Ostara, the Spring Equinox, is always especially beautiful here in Sonoma County, California.  This year seems especially nice.  Winter’s rains have been lighter than we would like, but they have been gentle and well timed.  My farmer friends with whom I’ve spoken are feeling good.   Warming temperatures and longer days have brought forth the first abundant flowers, especially the wild mustard that makes it seem as if our craggy valley oaks and vineyards have their feet awash in bright yellow paint.  The threats from frost are virtually over. 

Our season and Ostara’s symbolism are in perfect harmony.


Wiccan Sabbats celebrate our Wheel of the Year, and the Wheel of the Year, like the phases of the moon, symbolize to us the stages of life, from birth to death to rebirth.  Four Sabbats are “Greater Sabbats” originally linked with Celtic agricultural cycles: Brigit, Beltane, Lammas, and Samhain.  The other four “cross quarter” Sabbats are correlated with the cycles of the solar year, the solstices and equinoxes.  On the 21st of this month, Witches and many other Pagans will celebrate Ostara, the Spring Equinox.

Equinoxes are times of balance between day and night, light and darkness.  But the balance is dynamic, lasting a day, before shifting into playing a role in that greater balance that is the Wheel of the Year.  For me this sense of balance should be the dominant theme of either Ostara, or Mabon, the Fall Equinox.  But they are very different Sabbats otherwise, for after Ostara the light will continue to grow, whereas after Mabon, it is darkness that increases.


There is another aspect of balance that comes to mind as a am mulling this post over, that between the universal and the concrete.  Solar Sabbats are universal, the Greater Sabbats are specific to time and place.  Together, they balance the universal with the variety that is local.  So while I think it is important to make sure Greater Sabbats are strongly connected with where we live, it is not as important for the Cross Quarter ones.

With these thoughts in mind, I have a few ideas for celebrating Ostara I want to share.  All are suitable for Solitaries.
1.    On my altar I will have 4 candles.  I will light two, and with sundown, light another.  I have tried to figure out a simple but visually beautiful way of symbolizing Sabbats and their meaning, and here is my scheme into which this simple observance fits.

Yule – 1 candle lit during ritual.  
Imbolc – 1 candle lit, a second during the ritual.
Ostara – 2 candles lit, a third lit at end of ritual or at sunset.
Beltane – 3 candles, one lit during ritual, making 4.
Midsummer – 4 candles, one extinguished at end of ritual.
Lammas – 3 candles, one extinguished during ritual.
Mabon – 2 candles, one extinguished at sunset or end of ritual.
Samhain – 1 candle lit, but extinguished during ritual.


2. I will fill my place with local flowers.  I just spoke with a friend in Maine.  The garden I helped plant still looks like a snow drift.  Maybe the willows are changing their color as the sap tentatively rises, making for a good altar decoration.  If not, it’s good that this is a solar Sabbat!

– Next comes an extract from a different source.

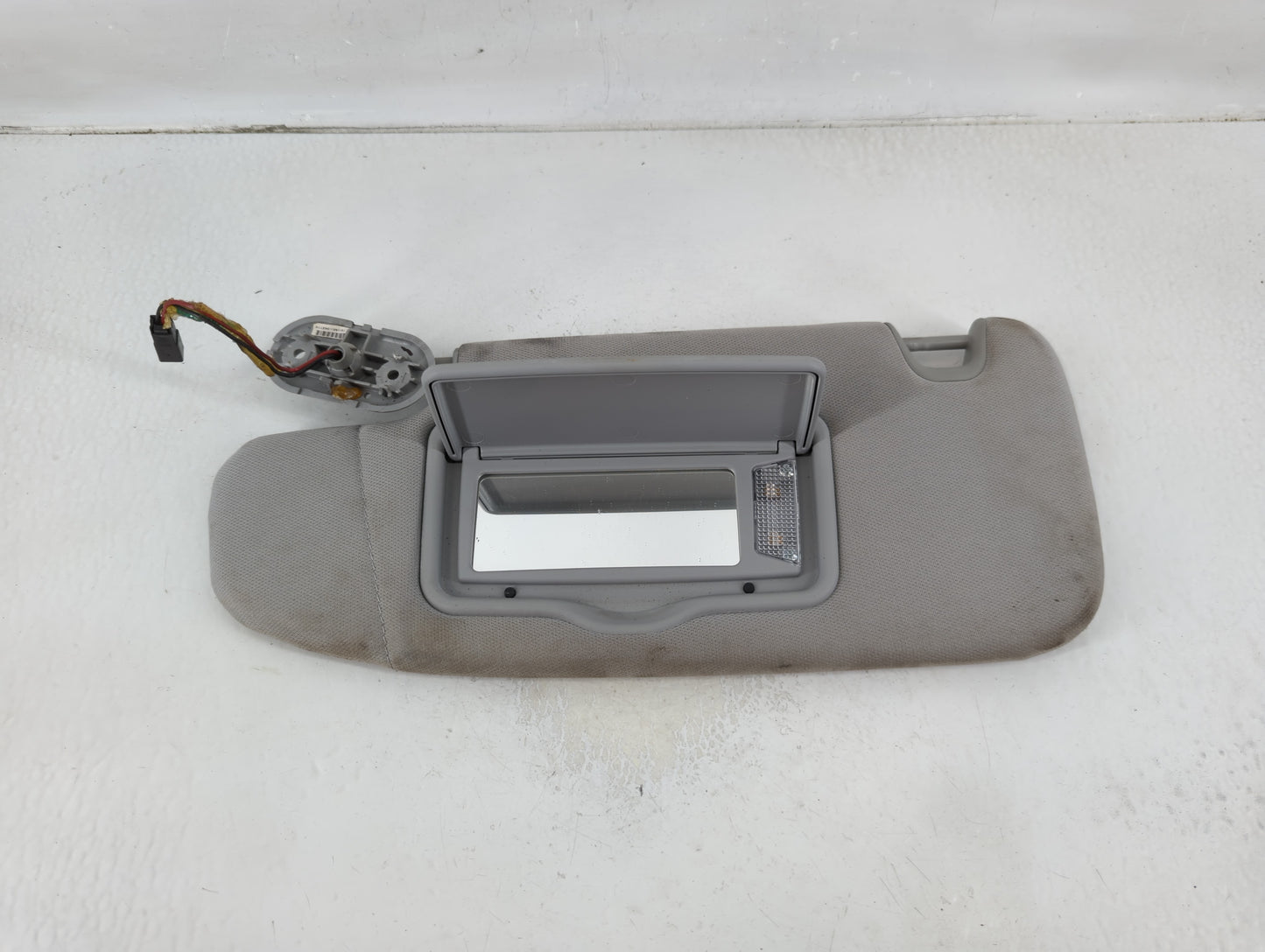 2010-2012 Lincoln Mkz Sun Visor Shade Replacement Driver Left Mirror Fits Fits 2010 2011 2012 OEM Used Auto Parts - Oemuseda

3 I will watch the dawn, and do some invocations and prayers while I do it.  Ostara is said to have been a Goddess of the Dawn as well as spring, so this is fitting, although very little is known of Her.  If I was in Fairbanks, I might let this slide.

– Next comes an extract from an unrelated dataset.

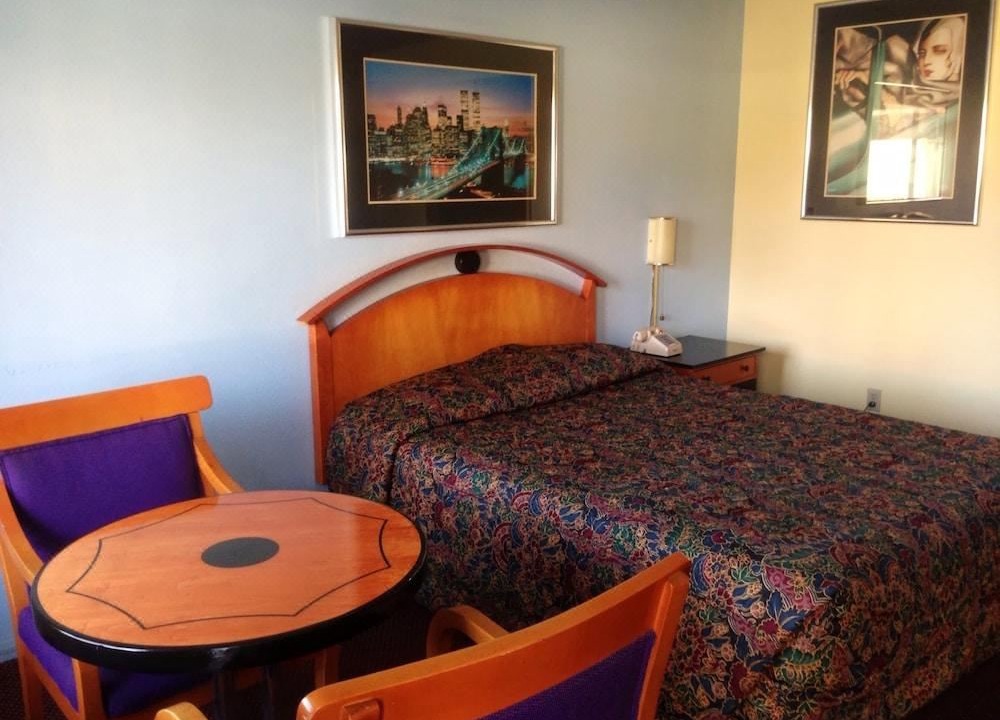 Photo of Bedroom in Hemet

4. In Pagan times eggs and hares were associated with the creation of life and fertility, for obvious reasons.  While it seems all folklore of ancient provenance has disputed origins, regardless of how these customs arose and survived, they are perfectly fitted for symbolizing this time, when almost everywhere spring has arrived or is coming soon.  Dyeing the eggs in Spring-time colors, and having a good old fashioned Ostara Egg hunt is a wonderful thing for kids.


5. A good smudging, followed by a good airing if the weather permits.  Burning sage is the easiest way to smudge a place, though any cleansing incense is worthwhile.  Be sure to get corners and dark places.  Energy collects and stagnates in those places, and most of us have had all winter for that to happen.  

6. Plant a seed associated with a magickal ritual for something you want to grow.  Simple and personal is best.  Focus your intent strongly on the seed, then on the pot of soil after you have planted it.  Take care of it.  I’d recommend a perennial, that you can plant and let continue to flourish with your care, but maybe an annual will do the trick.  Depends on your project.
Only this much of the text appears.